= TASK OBJECTIVE =
Look through the entries below and extract exactly the lines from the one containing "ขายรถโฟล์คลิฟท์มือสอง TCM รุ่น" through the one containing "Snapshot of hanny_milf_", ends included.

==== GIVEN RECORDS ====

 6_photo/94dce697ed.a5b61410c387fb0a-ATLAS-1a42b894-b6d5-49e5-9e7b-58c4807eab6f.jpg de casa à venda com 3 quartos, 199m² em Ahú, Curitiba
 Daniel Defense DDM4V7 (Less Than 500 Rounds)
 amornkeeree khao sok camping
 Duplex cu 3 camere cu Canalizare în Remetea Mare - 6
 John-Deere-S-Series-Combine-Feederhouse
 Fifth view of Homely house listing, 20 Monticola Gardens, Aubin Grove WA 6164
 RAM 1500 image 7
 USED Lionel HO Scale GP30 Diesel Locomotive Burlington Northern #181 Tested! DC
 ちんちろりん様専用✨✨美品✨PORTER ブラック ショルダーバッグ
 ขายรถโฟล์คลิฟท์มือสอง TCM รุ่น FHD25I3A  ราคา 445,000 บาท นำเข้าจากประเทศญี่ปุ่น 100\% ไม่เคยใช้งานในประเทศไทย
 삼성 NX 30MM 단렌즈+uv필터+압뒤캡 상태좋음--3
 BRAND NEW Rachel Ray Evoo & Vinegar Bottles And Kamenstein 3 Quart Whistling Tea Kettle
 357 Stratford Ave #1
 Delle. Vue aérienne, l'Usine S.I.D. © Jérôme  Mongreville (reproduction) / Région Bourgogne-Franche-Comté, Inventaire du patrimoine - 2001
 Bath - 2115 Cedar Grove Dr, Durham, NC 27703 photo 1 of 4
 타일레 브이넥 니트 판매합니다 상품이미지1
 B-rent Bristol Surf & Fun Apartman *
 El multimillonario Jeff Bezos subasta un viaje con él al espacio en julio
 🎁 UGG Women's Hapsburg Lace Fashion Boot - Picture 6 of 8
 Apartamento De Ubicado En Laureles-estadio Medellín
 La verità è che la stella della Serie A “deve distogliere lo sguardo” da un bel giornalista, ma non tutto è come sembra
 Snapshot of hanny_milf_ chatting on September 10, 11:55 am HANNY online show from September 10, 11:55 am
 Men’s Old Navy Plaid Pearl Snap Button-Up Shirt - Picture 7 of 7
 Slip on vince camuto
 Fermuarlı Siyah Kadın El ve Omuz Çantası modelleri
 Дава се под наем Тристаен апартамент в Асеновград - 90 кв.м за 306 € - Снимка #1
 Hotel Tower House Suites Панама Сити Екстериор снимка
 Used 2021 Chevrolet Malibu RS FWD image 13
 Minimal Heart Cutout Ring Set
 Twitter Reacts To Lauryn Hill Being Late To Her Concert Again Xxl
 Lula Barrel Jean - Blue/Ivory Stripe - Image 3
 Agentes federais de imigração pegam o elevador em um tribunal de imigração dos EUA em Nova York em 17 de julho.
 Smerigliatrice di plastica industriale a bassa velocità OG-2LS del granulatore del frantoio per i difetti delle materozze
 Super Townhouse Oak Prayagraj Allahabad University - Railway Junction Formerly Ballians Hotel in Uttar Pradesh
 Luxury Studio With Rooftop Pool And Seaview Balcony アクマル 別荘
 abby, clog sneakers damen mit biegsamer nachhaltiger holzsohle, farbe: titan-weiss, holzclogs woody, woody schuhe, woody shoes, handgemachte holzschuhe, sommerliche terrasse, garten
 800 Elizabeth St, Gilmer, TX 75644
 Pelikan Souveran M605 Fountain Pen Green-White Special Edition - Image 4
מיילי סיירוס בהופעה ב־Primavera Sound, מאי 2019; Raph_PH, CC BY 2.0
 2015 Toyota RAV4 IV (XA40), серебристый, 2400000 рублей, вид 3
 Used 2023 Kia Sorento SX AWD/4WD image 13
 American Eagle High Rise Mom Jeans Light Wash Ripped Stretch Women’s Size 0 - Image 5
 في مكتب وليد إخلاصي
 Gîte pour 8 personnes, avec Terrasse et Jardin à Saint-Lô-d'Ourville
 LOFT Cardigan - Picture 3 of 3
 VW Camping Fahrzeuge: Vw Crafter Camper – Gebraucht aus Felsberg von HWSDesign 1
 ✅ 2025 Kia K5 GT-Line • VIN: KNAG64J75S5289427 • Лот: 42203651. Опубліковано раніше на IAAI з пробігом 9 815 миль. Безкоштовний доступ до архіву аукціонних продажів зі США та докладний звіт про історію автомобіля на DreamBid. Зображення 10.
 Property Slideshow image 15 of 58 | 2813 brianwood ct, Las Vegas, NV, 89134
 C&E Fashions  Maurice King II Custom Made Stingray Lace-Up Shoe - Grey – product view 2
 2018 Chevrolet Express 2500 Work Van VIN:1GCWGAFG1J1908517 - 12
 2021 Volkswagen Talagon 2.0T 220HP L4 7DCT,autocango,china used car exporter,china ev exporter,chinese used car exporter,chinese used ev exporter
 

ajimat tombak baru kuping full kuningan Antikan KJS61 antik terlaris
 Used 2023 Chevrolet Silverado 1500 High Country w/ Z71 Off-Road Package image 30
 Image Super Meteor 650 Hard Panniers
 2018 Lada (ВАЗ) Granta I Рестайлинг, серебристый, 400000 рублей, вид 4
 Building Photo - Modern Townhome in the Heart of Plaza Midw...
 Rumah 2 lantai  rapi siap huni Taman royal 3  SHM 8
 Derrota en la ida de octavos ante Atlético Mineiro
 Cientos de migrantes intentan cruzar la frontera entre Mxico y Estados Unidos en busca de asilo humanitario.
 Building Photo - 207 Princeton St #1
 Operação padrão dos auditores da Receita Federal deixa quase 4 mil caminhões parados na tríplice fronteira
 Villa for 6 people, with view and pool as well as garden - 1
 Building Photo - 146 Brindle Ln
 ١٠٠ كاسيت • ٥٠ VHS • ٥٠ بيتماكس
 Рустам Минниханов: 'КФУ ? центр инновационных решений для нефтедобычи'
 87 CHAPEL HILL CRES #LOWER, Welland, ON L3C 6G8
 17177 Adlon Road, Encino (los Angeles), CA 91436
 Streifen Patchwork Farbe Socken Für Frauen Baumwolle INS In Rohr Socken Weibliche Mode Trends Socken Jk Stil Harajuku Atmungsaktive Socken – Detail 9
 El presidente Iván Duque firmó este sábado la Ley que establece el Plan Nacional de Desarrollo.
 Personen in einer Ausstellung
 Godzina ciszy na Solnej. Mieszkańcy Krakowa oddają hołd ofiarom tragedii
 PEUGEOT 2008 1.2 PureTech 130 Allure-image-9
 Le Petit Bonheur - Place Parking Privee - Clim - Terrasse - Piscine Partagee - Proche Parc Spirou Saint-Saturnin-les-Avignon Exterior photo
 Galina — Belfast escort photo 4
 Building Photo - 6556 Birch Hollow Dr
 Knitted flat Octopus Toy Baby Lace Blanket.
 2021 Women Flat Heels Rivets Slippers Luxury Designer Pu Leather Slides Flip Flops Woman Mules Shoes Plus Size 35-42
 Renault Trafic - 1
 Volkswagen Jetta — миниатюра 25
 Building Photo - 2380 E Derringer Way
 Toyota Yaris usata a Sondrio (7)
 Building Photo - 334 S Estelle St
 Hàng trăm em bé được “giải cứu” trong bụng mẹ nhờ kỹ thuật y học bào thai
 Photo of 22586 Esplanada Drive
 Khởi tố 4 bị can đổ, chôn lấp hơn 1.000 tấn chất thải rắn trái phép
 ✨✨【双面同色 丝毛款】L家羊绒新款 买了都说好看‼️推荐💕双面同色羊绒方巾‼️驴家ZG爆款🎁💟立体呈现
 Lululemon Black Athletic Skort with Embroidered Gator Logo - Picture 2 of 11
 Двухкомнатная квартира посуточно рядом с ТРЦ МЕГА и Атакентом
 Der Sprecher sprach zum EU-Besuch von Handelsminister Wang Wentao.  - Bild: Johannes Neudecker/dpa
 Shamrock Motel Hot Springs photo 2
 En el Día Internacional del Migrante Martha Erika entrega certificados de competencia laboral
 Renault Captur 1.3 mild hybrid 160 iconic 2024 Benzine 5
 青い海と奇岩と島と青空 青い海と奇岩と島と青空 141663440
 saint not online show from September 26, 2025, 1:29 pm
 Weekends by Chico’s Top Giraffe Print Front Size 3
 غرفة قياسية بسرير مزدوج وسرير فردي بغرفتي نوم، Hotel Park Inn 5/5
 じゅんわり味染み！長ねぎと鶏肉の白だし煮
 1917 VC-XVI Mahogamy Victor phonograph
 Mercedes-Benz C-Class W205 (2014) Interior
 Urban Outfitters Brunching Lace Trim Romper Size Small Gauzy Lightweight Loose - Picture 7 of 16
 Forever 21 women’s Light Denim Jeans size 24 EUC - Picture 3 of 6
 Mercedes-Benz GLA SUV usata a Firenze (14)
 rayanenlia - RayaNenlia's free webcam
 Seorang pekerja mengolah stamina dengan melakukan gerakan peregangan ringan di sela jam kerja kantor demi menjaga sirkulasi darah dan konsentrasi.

====

= RESULT =
 ขายรถโฟล์คลิฟท์มือสอง TCM รุ่น FHD25I3A  ราคา 445,000 บาท นำเข้าจากประเทศญี่ปุ่น 100\% ไม่เคยใช้งานในประเทศไทย
 삼성 NX 30MM 단렌즈+uv필터+압뒤캡 상태좋음--3
 BRAND NEW Rachel Ray Evoo & Vinegar Bottles And Kamenstein 3 Quart Whistling Tea Kettle
 357 Stratford Ave #1
 Delle. Vue aérienne, l'Usine S.I.D. © Jérôme  Mongreville (reproduction) / Région Bourgogne-Franche-Comté, Inventaire du patrimoine - 2001
 Bath - 2115 Cedar Grove Dr, Durham, NC 27703 photo 1 of 4
 타일레 브이넥 니트 판매합니다 상품이미지1
 B-rent Bristol Surf & Fun Apartman *
 El multimillonario Jeff Bezos subasta un viaje con él al espacio en julio
 🎁 UGG Women's Hapsburg Lace Fashion Boot - Picture 6 of 8
 Apartamento De Ubicado En Laureles-estadio Medellín
 La verità è che la stella della Serie A “deve distogliere lo sguardo” da un bel giornalista, ma non tutto è come sembra
 Snapshot of hanny_milf_ chatting on September 10, 11:55 am HANNY online show from September 10, 11:55 am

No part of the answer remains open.